An exact copy of all the lines below is required, with every image left out.

(Information supplied Opens)

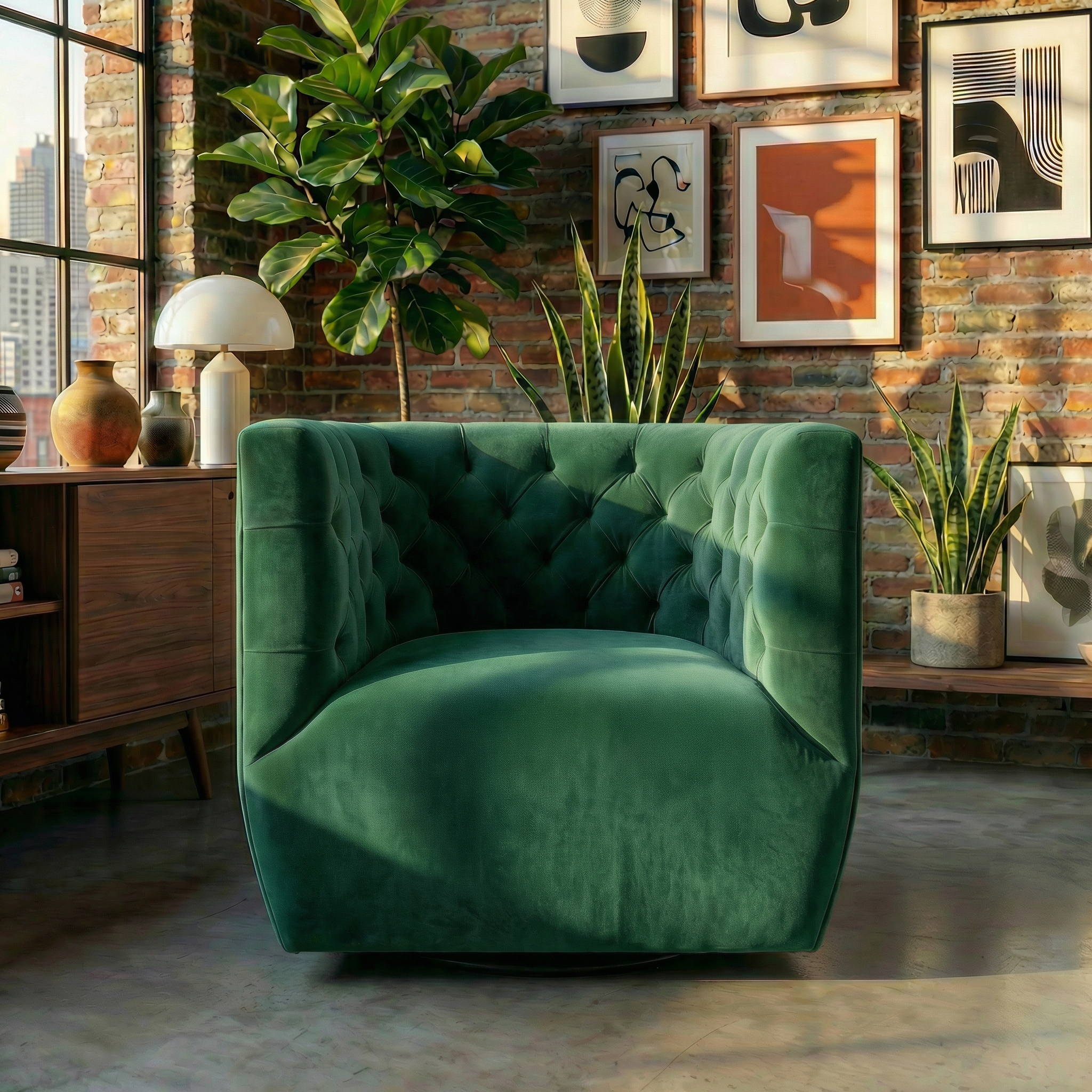 Lotte Forest Green Velvet Swivel Chair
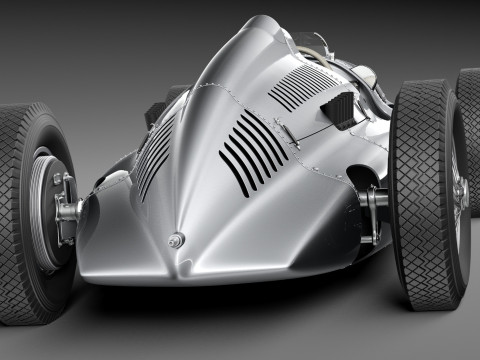 Auto Union Type D 1938 Race Car 3D Модель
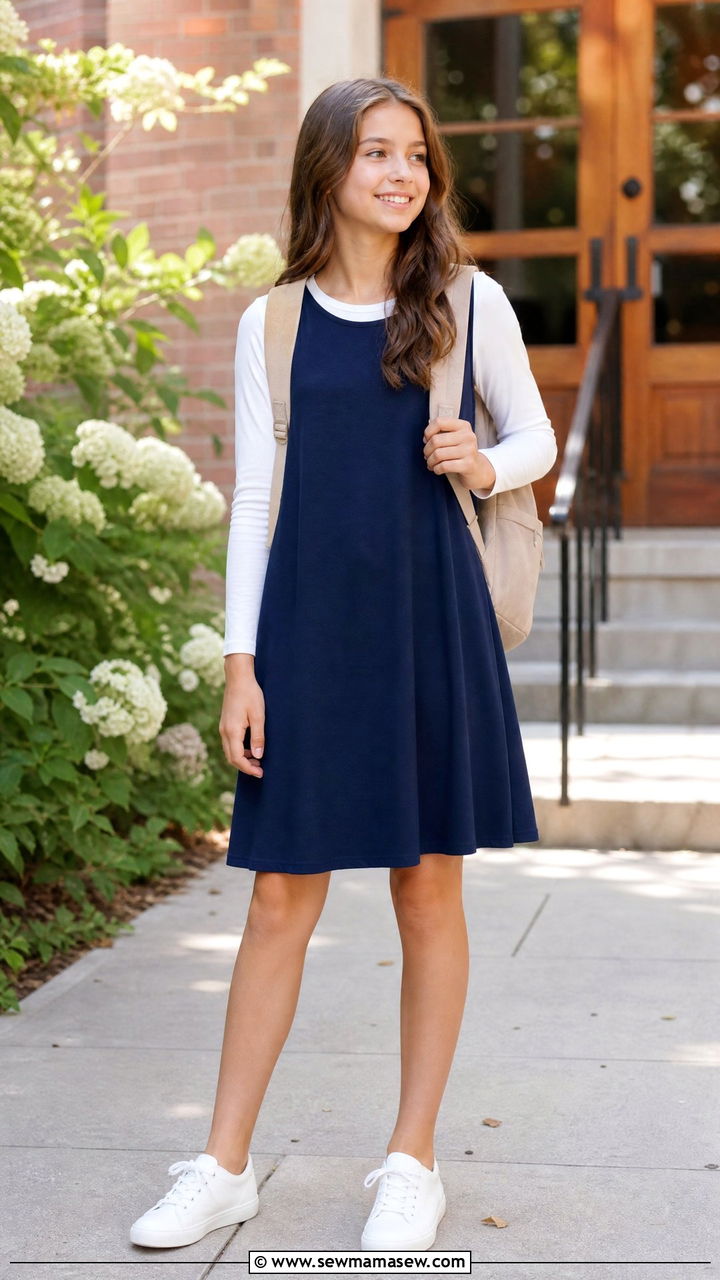 Modest Tween Layered Long Sleeve Under Dress Outfit - 25 Tween outfit ideas modest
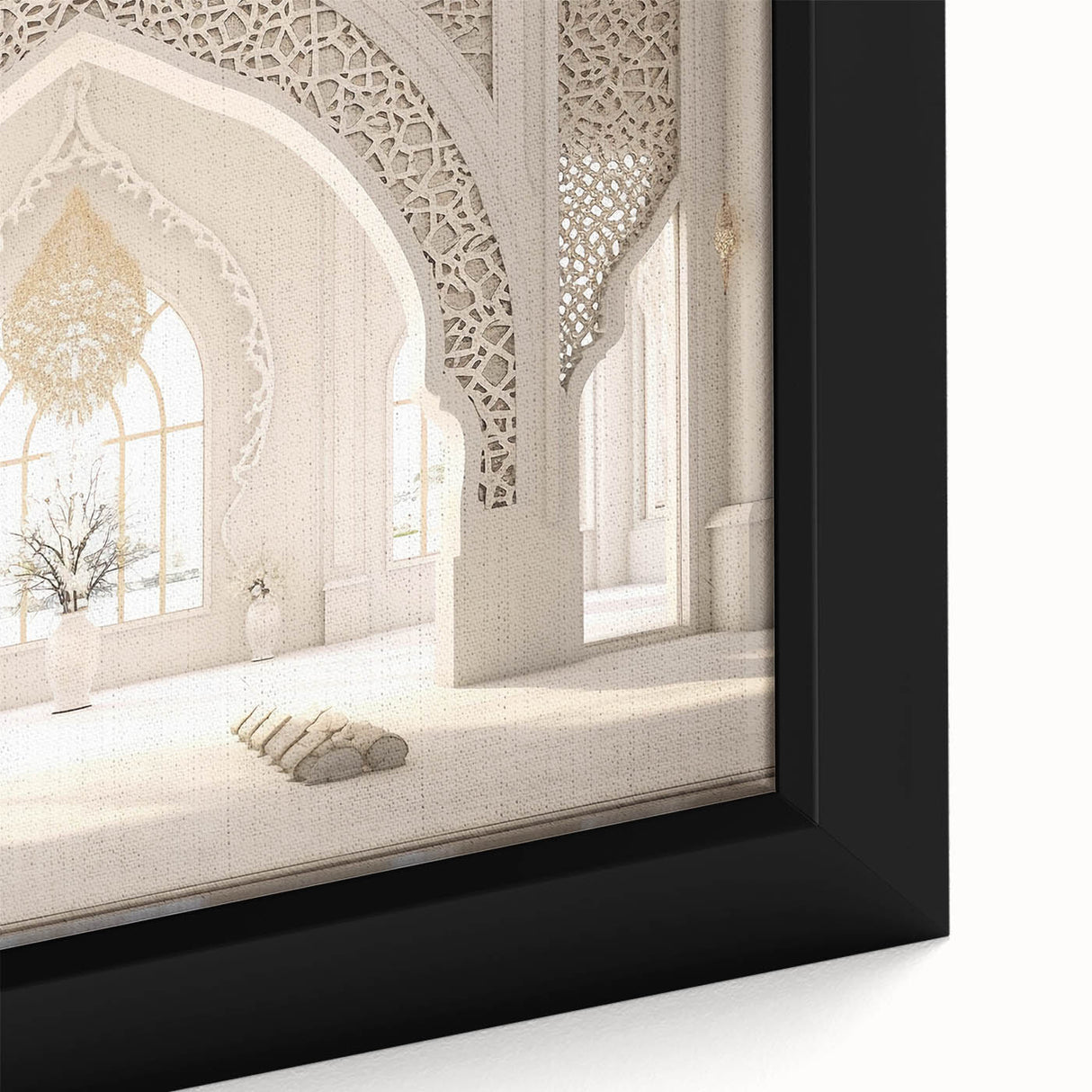 Extra large framed canvas featuring a textured, colorful Middle Eastern scenery, ideal for living room decor.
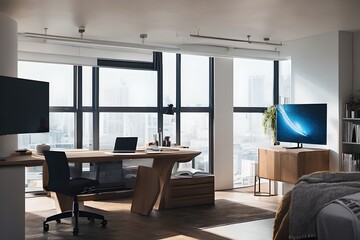 Fototapeta premium Cozy, Modern home office workplace with computer and desk, wooden floor, natural light, and rug with a big window view of the city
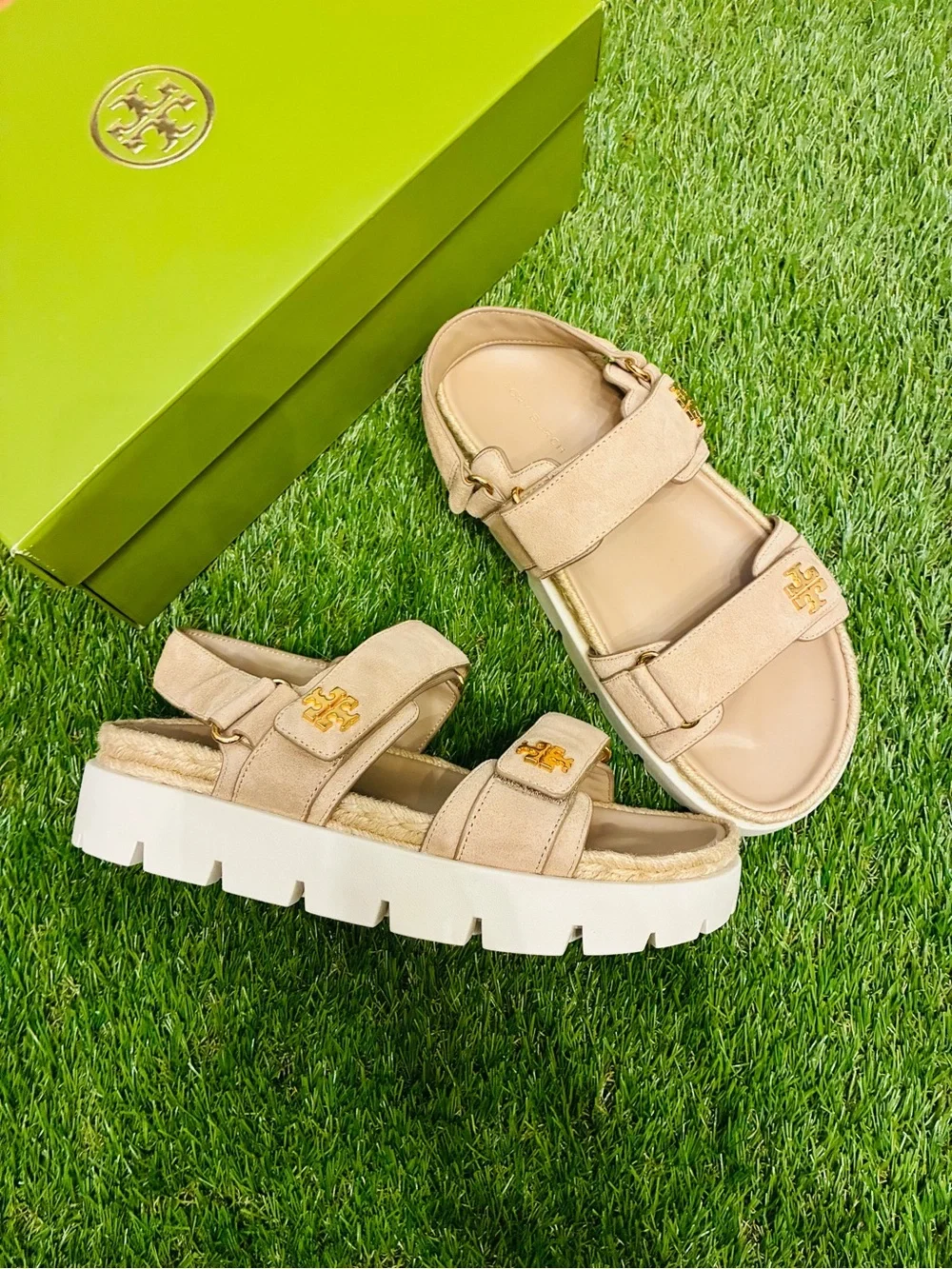 Tory Burch Kira Rope Sport Sandals – Ceramic Taupe – Size 7.5 Luxury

(Information supplied Closes)

Task answer
 Lotte Forest Green Velvet Swivel Chair
 Auto Union Type D 1938 Race Car 3D Модель
 Modest Tween Layered Long Sleeve Under Dress Outfit - 25 Tween outfit ideas modest
 Extra large framed canvas featuring a textured, colorful Middle Eastern scenery, ideal for living room decor.
 Fototapeta premium Cozy, Modern home office workplace with computer and desk, wooden floor, natural light, and rug with a big window view of the city
 Tory Burch Kira Rope Sport Sandals – Ceramic Taupe – Size 7.5 Luxury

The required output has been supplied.